Dataset extract
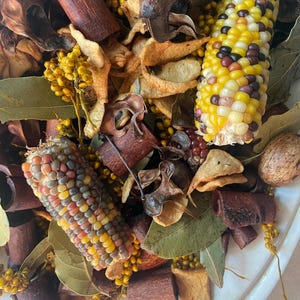 May include: Close-up of a decorative potpourri arrangement featuring colorful Indian corn, cinnamon sticks, dried leaves, and yellow berries. The arrangement is set on a white surface, creating a rustic and natural aesthetic.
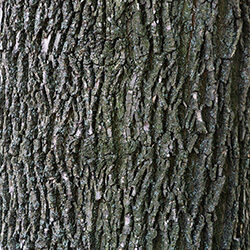 Detail of bark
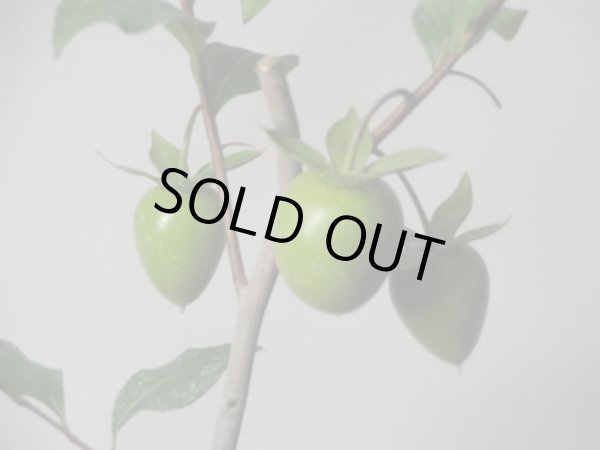 画像3: ローヤ柿 紅富士(a)(接木/素材) (3)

Requirement
After removing the pictures, restate the whole listing above word for word.

Answer to this task
 May include: Close-up of a decorative potpourri arrangement featuring colorful Indian corn, cinnamon sticks, dried leaves, and yellow berries. The arrangement is set on a white surface, creating a rustic and natural aesthetic.
 Detail of bark
 画像3: ローヤ柿 紅富士(a)(接木/素材) (3)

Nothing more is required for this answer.